Options for more Effective Intelligence Oversight


Modern security and intelligence services use a range of digital powers to pursue their important mandates. Electronic surveillance and hacking are only two such powers. They are highly invasive and rights infringing. Effective checks and balances are therefore imperative to monitor, to challenge and to sanction the abuse of these powers.

There is no shortage of guiding principles, international reports and legislative reforms promoting effective intelligence oversight. Independent, competent, informed, agile and resourceful oversight bodies are often called for. This is an easy call to make and a much harder fact to establish in actual practice. Despite recent measures to further professionalize and democratize national oversight frameworks in Europe and North America, oversight dynamics on the ground continue to be marred by various problems. Among those are ineffective control mechanisms, regulatory capture, a lack of technological knowledge and an insufficient motivation to engage persistently in proactive and unglamorous investigative oversight work. In addition, one can point to no-go-zones and accountability gaps in conjunction with international intelligence cooperation or intelligence activities by agencies and contractors that are not subject to the same oversight regime.

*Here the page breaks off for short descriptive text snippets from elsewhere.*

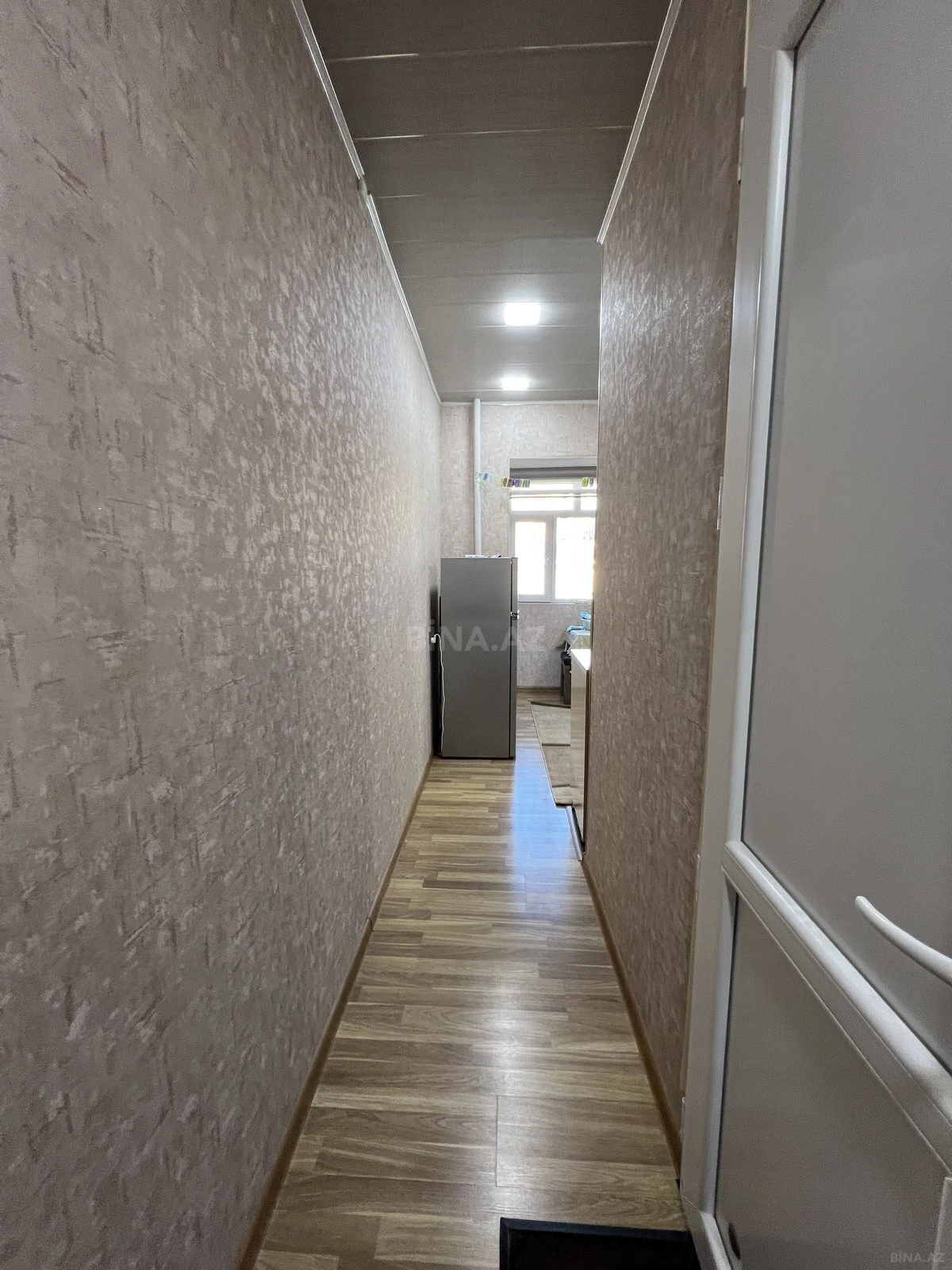 Satılır 1 otaqlı mənzil 40 m²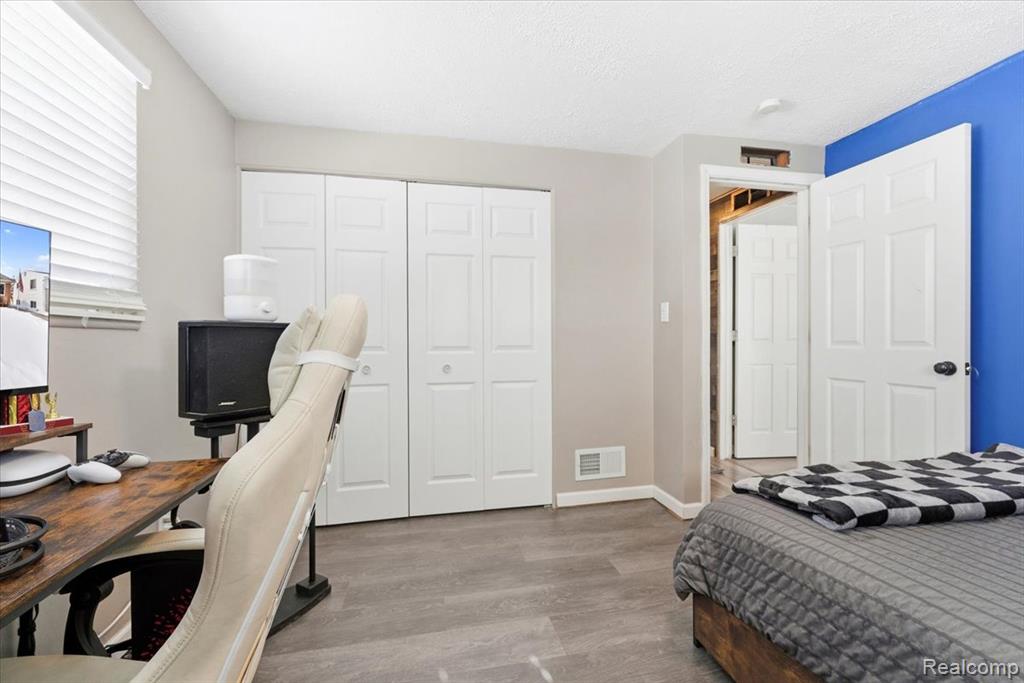 31664 Sweetbriar Drive, Rockwood, MI — Photo 10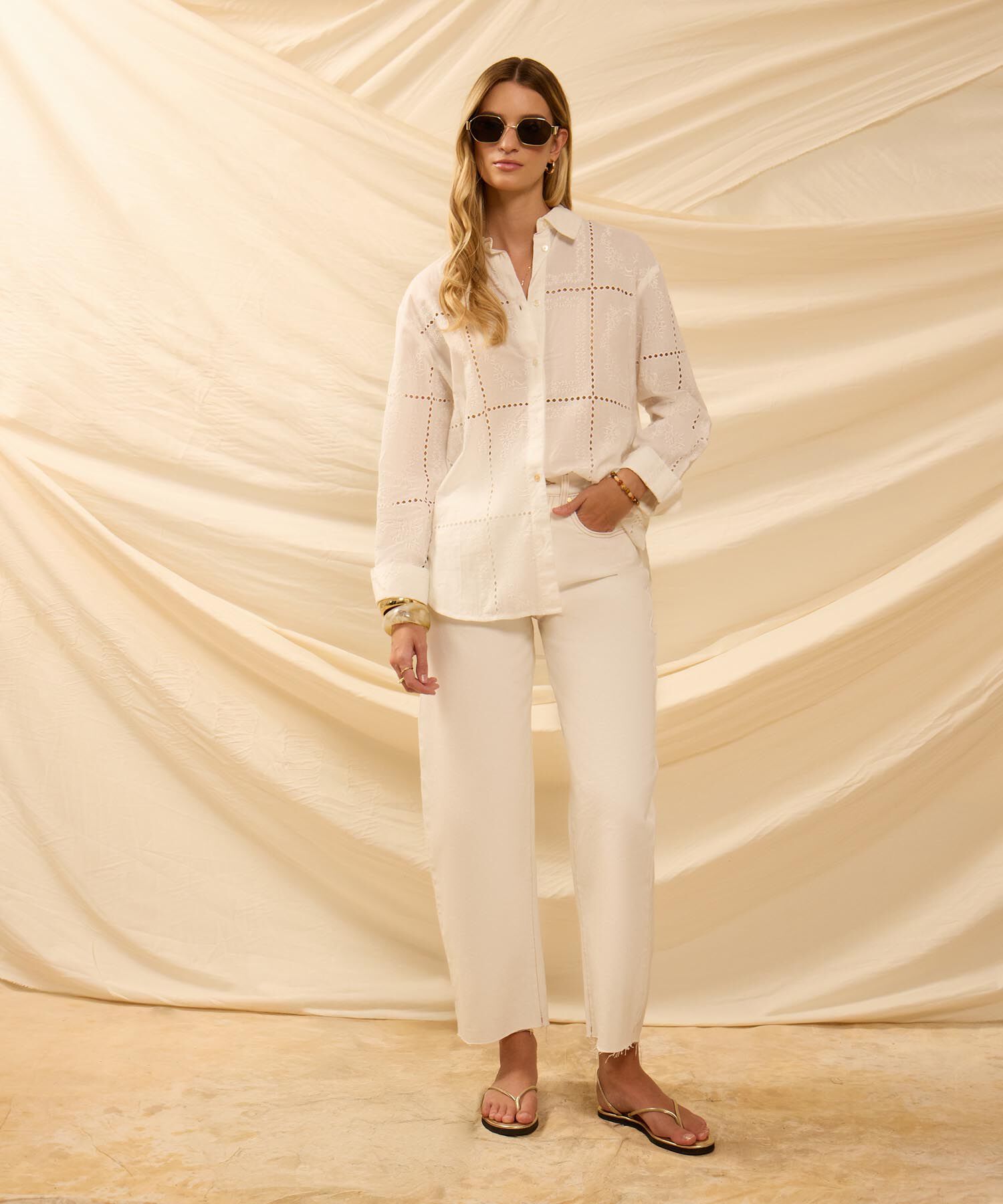 Camisa Con Calados Y Bordados Para Mujer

A lack of objective performance indicators and government secrecy make it also difficult to assess, let alone compare, oversight performances. Individual political systems differ substantially and concepts like transparency, accountability and democracy remain contested across time and space. Thus, there is no universal blueprint for intelligence oversight.

Effective intelligence oversight, therefore, remains an ambitious, unattained and vague benchmark - on both sides of the Atlantic. It should be regarded as continuous work in progress and - despite these challenges - much work can be done today to significantly improve oversight effectiveness. This work should not be left to government and legislators alone. As the pace of technological innovation continues to challenge core concepts of intelligence law and oversight practice, a broader set of perspectives are needed to identify and refine options for positive change. It is with this aim in mind that the Stiftung Neue Verantwortung initiated this working group on oversight innovation. Generous support from the William and Flora Hewlett Foundation and the Robert Bosch Foundation allow us to assemble unique expertise. Using collaborative methods, the group aims to identify and refine ideas for better intelligence oversight. What changes to the oversight process or the setup of oversight bodies might make a positive contribution to oversight development?

This discussion paper is meant to set the scene for the collaborative work of this group. It discusses a range of current and future challenges to effective oversight over electronic surveillance before flagging areas where potential solutions may be found.